Avatars are still being researched quite heavily by a lot of people, including myself (studying coming to a conclusion soon), and there are a lot of ideas out there with some good supportive data. For instance, individuals querying into the opposite gender tend to play a character of the opposite sex in an effort to try it out and act out possible selves and personalities (Konijn & Bijvank, 2009; McDonald & Kim, 2001).
In this article (citation below) the discussion is on avatars and life enjoyment. It discusses the possibility that we choose characters depending on what we wish to aspire to or how we act in real life, our own characteristics, or that we choose different avatars and attributes depending on characteristics that are not like us, like being a ninja for me. It does come with a caveat though, which is that it depends on whether the individual is happy with their lives at the moment (life satisfaction).
They ask the question of why do we choose certain avatars over others or certain characteristics over other ones. It is a great question to why are we playing certain games, but not others. These authors found that their hypotheses were supported in both instances, when individuals were happy with their lives they choose characteristics of their avatars that were closely related to their own personal self; and when they were not happy with their current life situation they chose characteristics that they did not embody in possible hopes of living a different life. SO it does seem that life satisfaction plays a large role in what characters we choose to play.

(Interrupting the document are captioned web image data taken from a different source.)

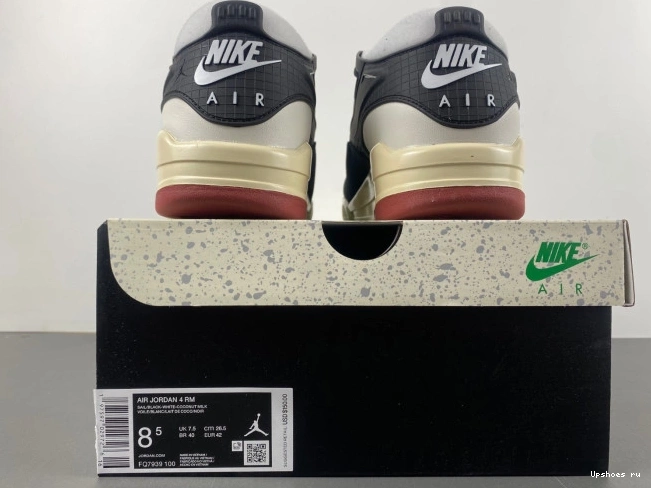 FQ7939-10 4 Light Jordan  RM Air  Bone” “Black 0117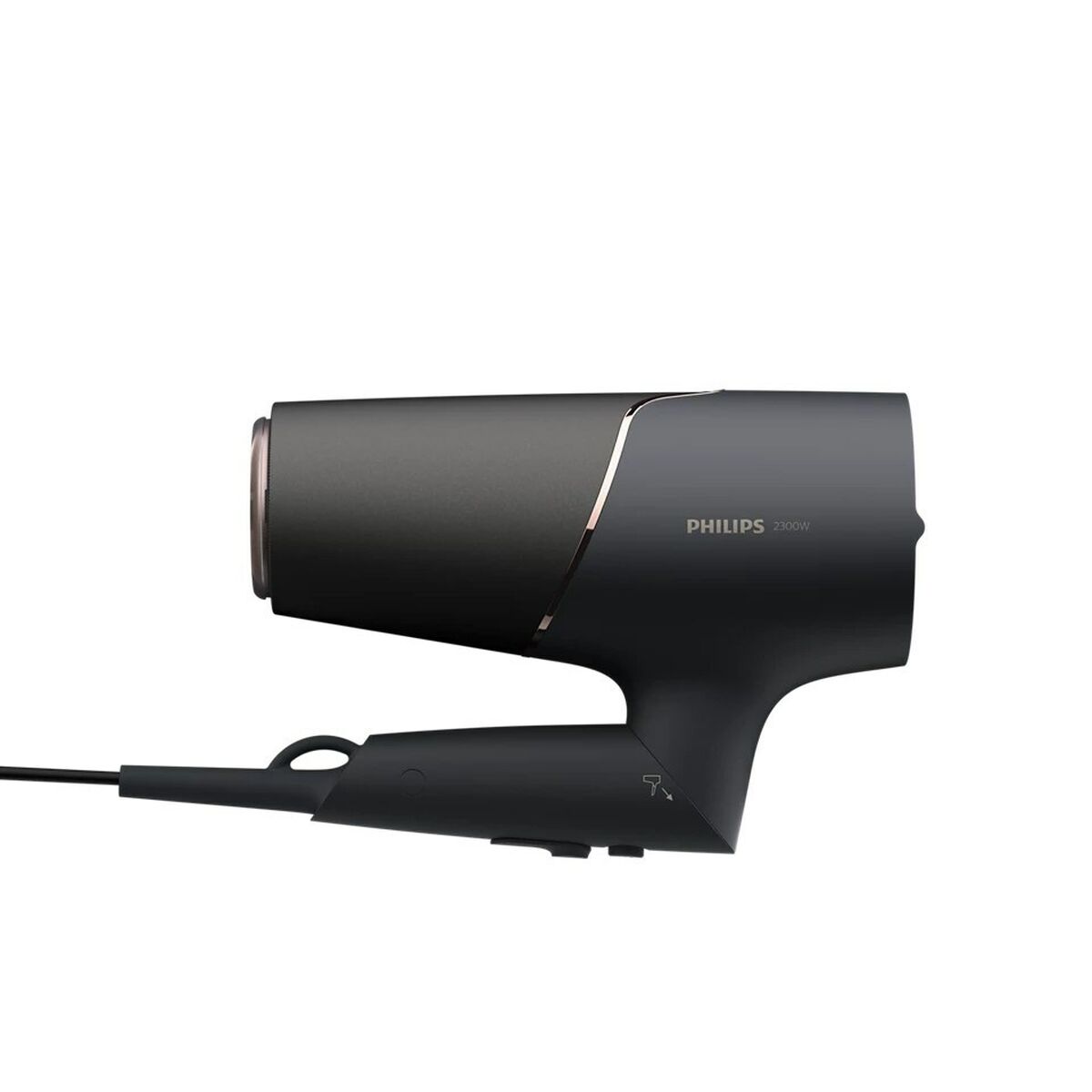 Hårtørrer Philips BHD538/30 Sort 2300 W produktemballage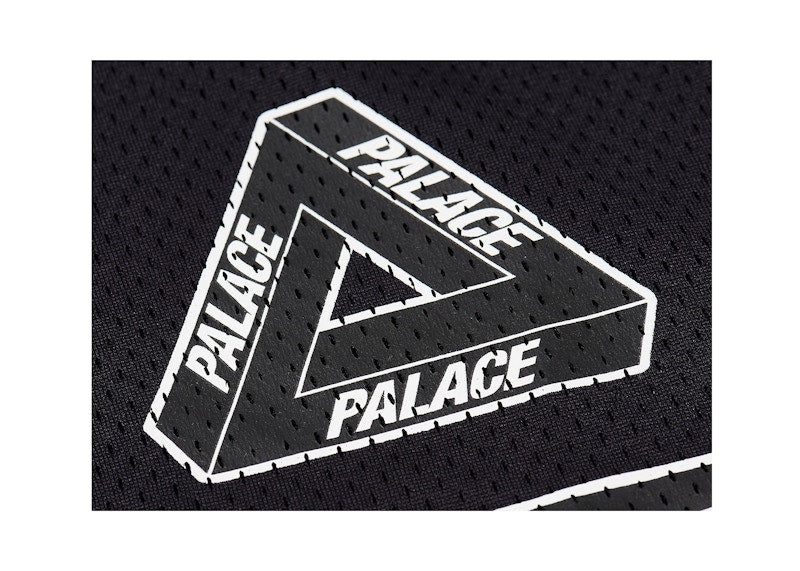 Palace Sport Mit Mesh Top Black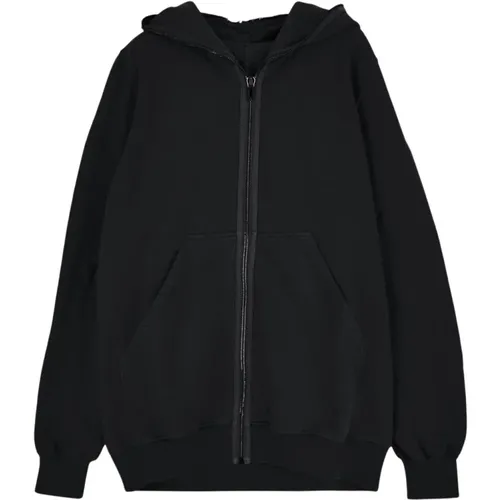 Jumbo Gimp Hoodie Baumwoll-Sweatshirt , Herren, Größe: S - Rick Owens - Modalova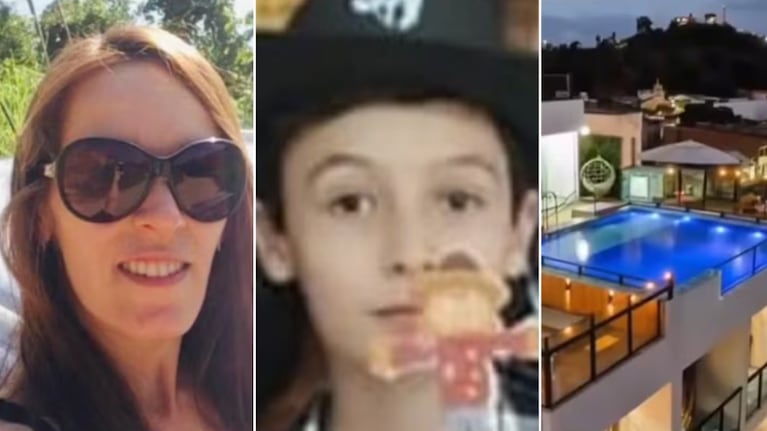 La pileta del hotel donde ocurrió la tragedia que conmocionó a Maragogi.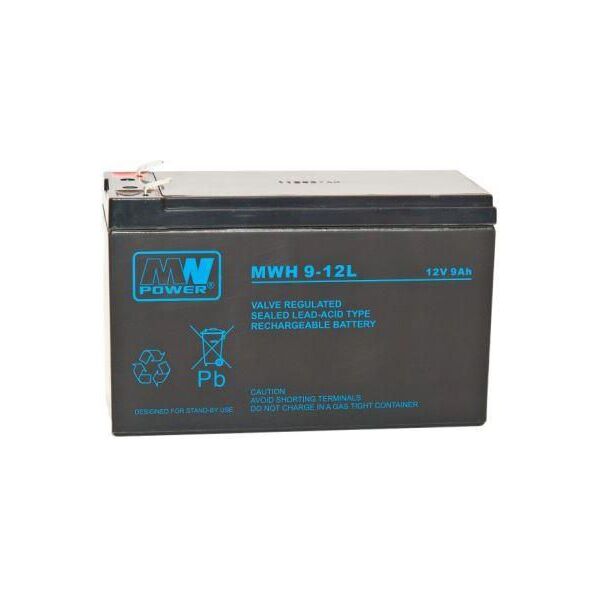 MW Power Akumulator 12V 9Ah (MWH 9-12)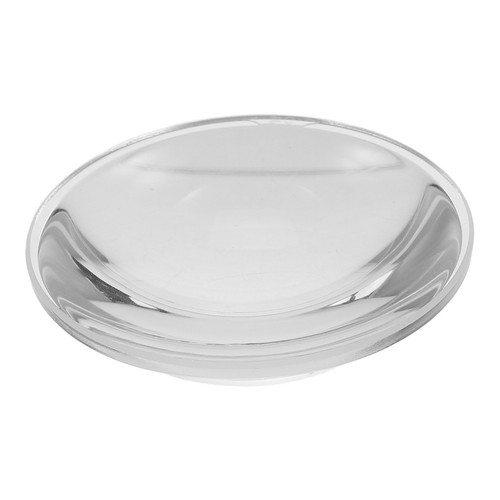 Flat convex lens 69mm plano - flat, lens: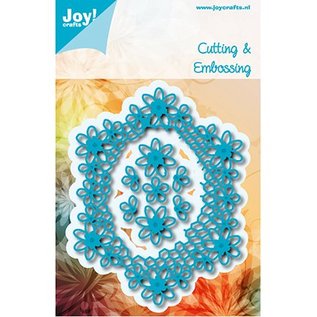 Joy!Crafts / Jeanine´s Art, Hobby Solutions Dies /  Découpage et Gaufrage meurent: Cadre de fleur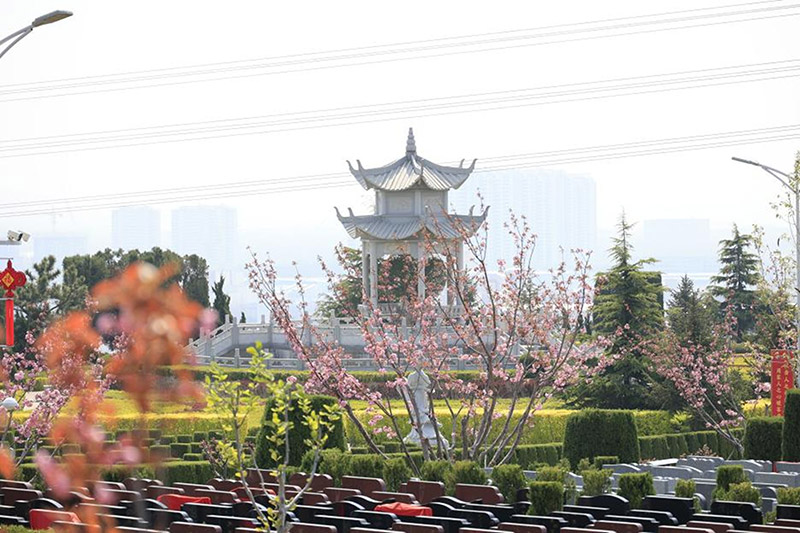 大连长青公墓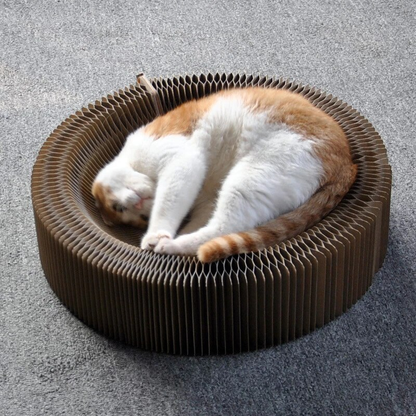 Kattenkrabber Bed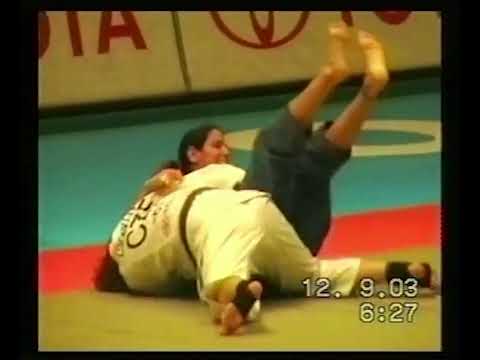 3.-Daniela Krukower (ARG) vs Danuba Zdenknova (Rep. Ch) - Campeonato del Mundo Osaka 2003 🥋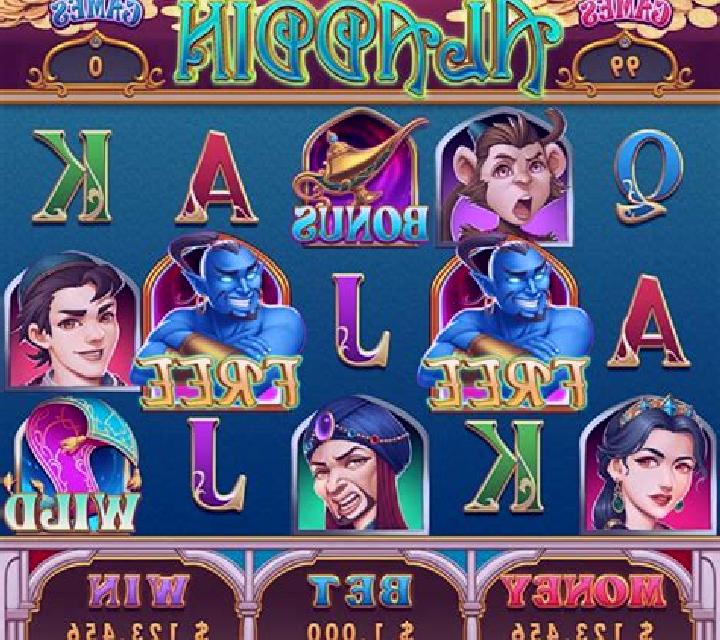 Aladdin (Virtual Tech) slot game
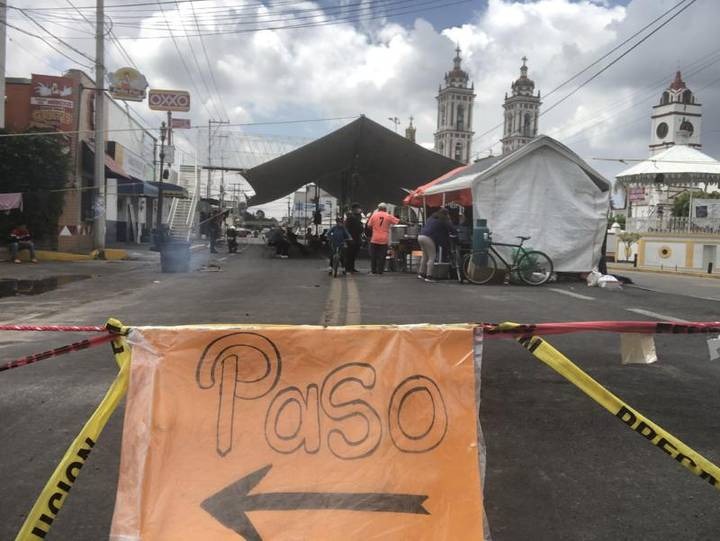 A pesar de la entrega de la constancia de mayoría, habitantes de Xicohtzinco mantendrán vivo el movimiento de inconformidad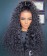 13X4 Lace Front Wigs Deep Curly 250% Density 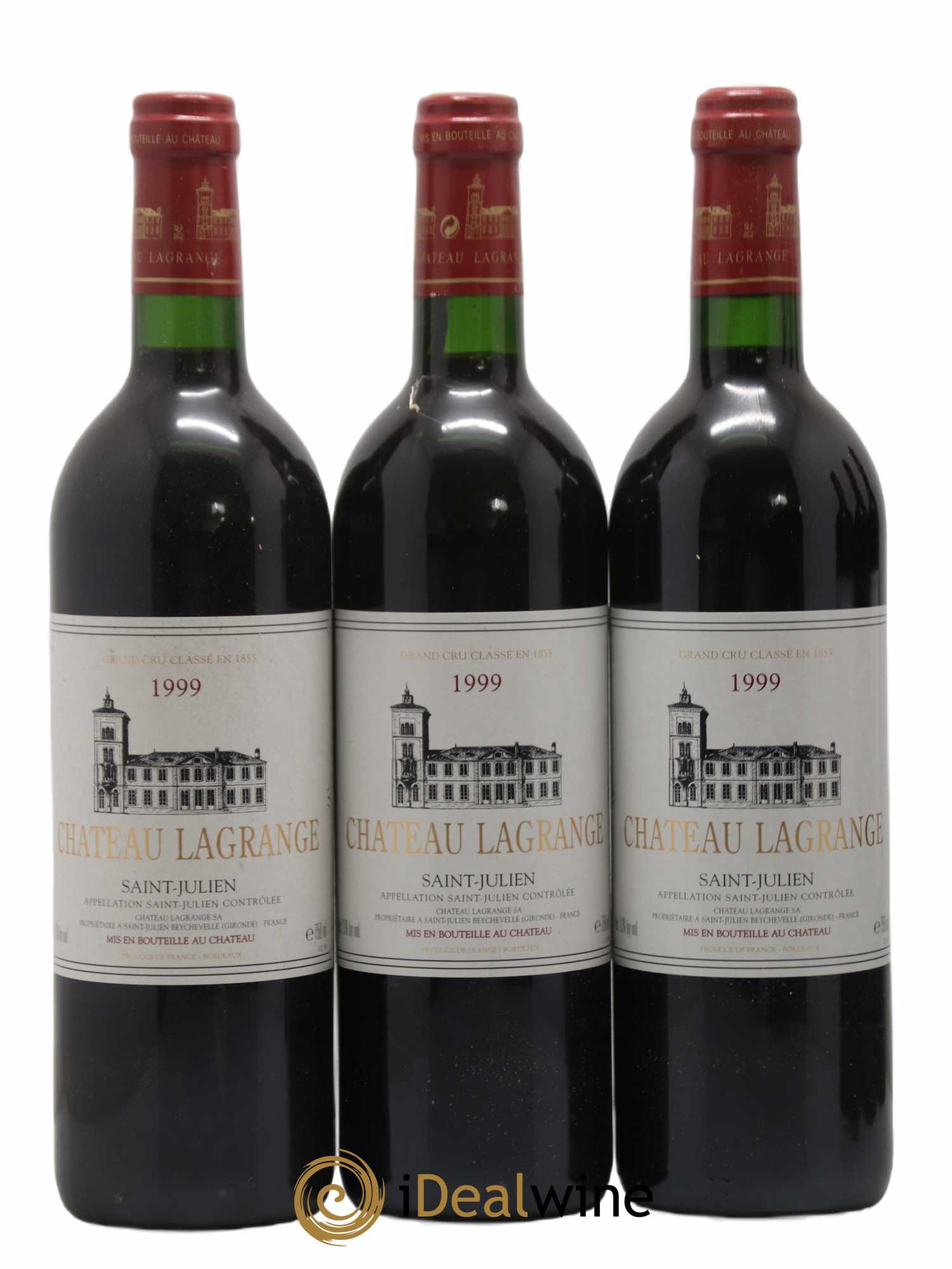 Château Lagrange 3ème Grand Cru Classé 1999 - Lot de 12 bouteilles - 3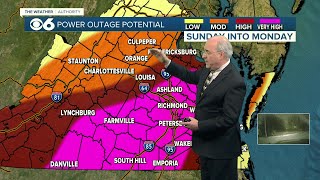 Virginia Ice Storm: 'Be prepared for power outages,' meteorologist warns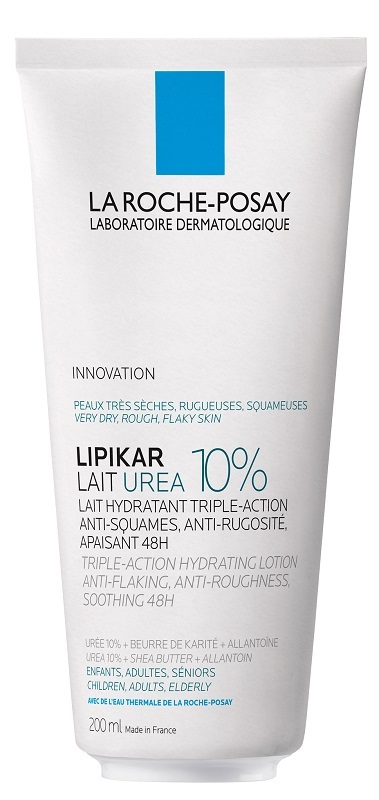 LIPIKAR UREA 10% 200ML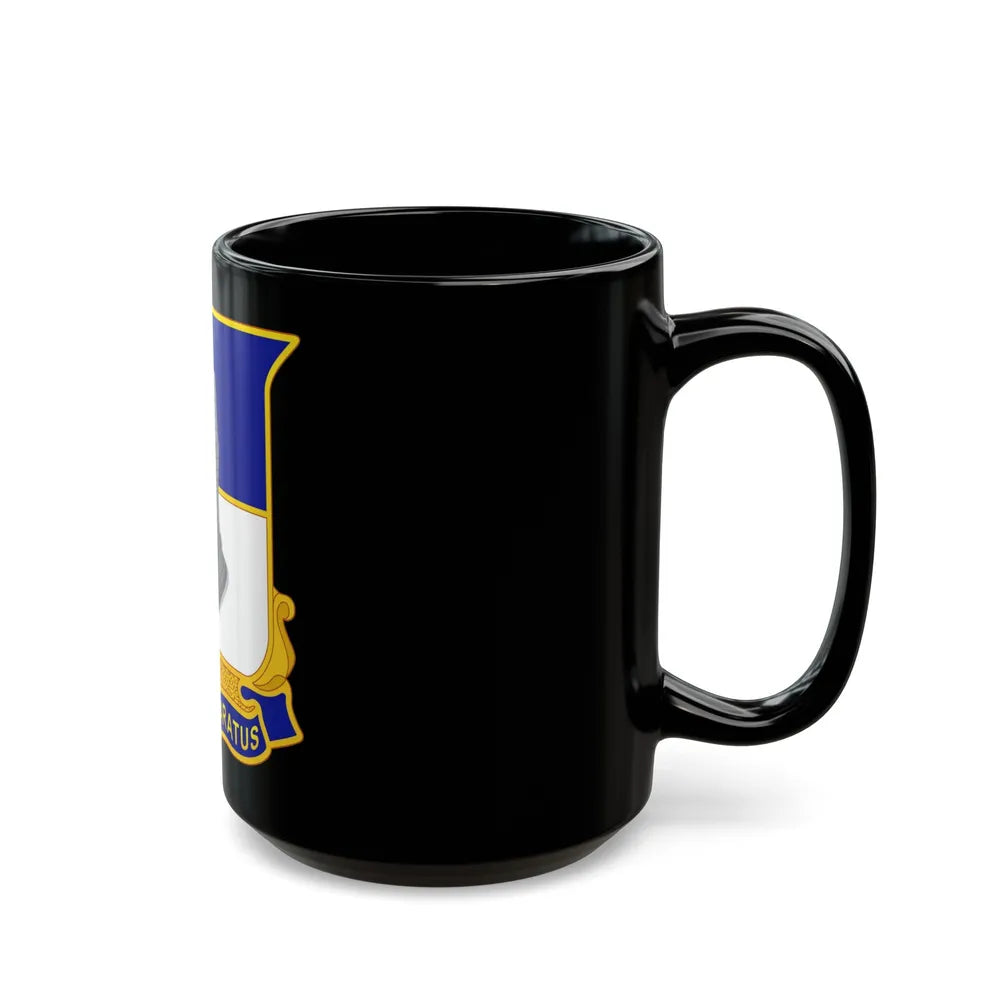 320 Cavalry Regiment (U.S. Army) Black Coffee Mug-Go Mug Yourself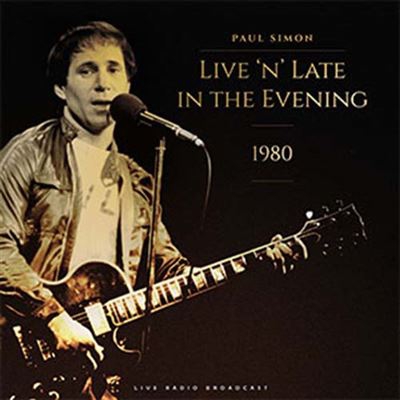 Best Of Live 'N' Late In The Evening 1980 - Vinilo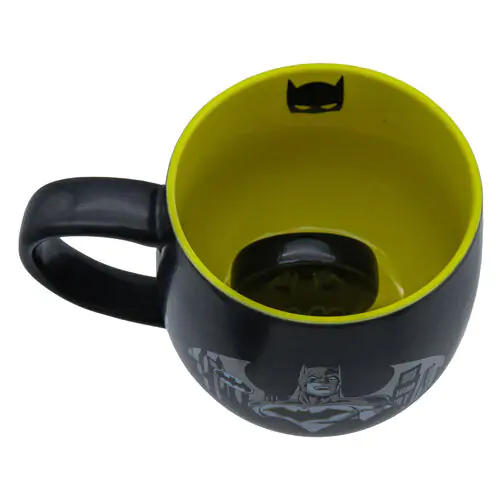 DC Comics Batman Logo 3D figurine mug termékfotó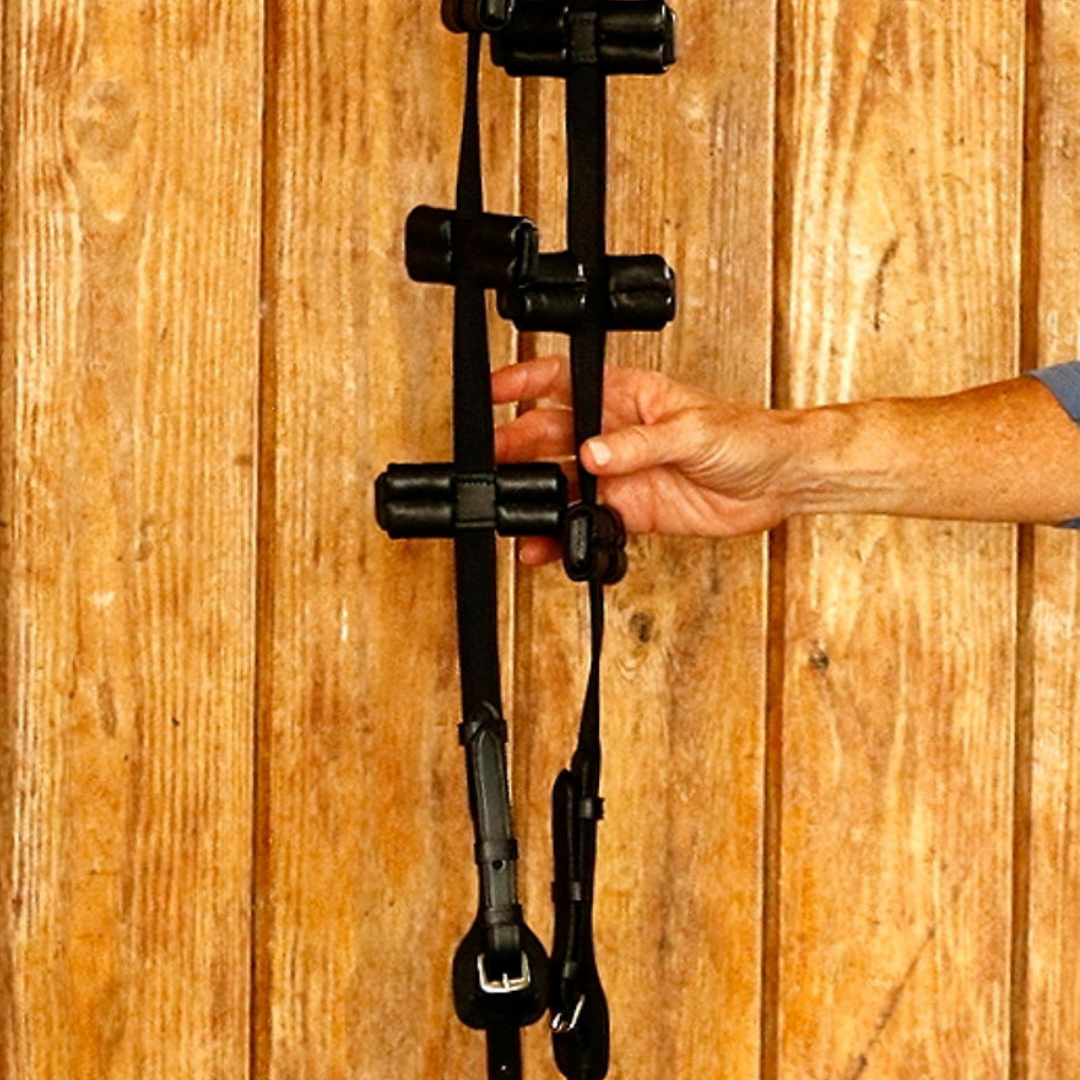 Aaron Vale Rein-3 Padded Hand Grips - Equine Exchange Tack Shop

In addition, there were high similarities found that individuals identified with their character in either category. It was deemed to be stronger for non competitive games compared to competitive games. Video game enjoyment was positively related to high character identification. So, in a nutshell, we choose characteristics of our avatars depending on our current life satisfaction and identify highly with them. It brings to question about why do we play video games even when we are satisfied with life (thereby throwing out the theory that we play video games to dissociate from the world and our problems). Maybe they are just a fun way to experience life? Most psychologists would agree that the one thing unique about each and every one is that we experience life differently and that not one person’s life is viewed the same as another individual.
There is a lot more to this research than I want to put on here, and you really should read it for yourself as it is fascinating and it should be attached so you can take a look yourself! (if not then the citation is below) It is a good read with lots of interesting facts that are not known to the general public about video games, character enjoyment, and identification.
Konijn, A.,&Bijvank, M.N. (2009). Door to another me. Identity construction through digital game play. In U. Ritterfeld, M. Cody, & P. Vorderer (Eds.), Serious games. Mechanisms and effects (pp. 179–203). New York, NY: Routledge.
McDonald, D. G., & Kim, H. (2001). When I die, I feel small: Electronic game characters and the social self. Journal of Broadcasting & Electronic Media, 45, 241–258.
Trepte, S. & Reinecke, L. (2010). Avatar creation and video game enjoyment: Effects of life-satisfaction, game competitiveness, and identification with the avatar. Journal of Media Psychology, 22(4), 174-184.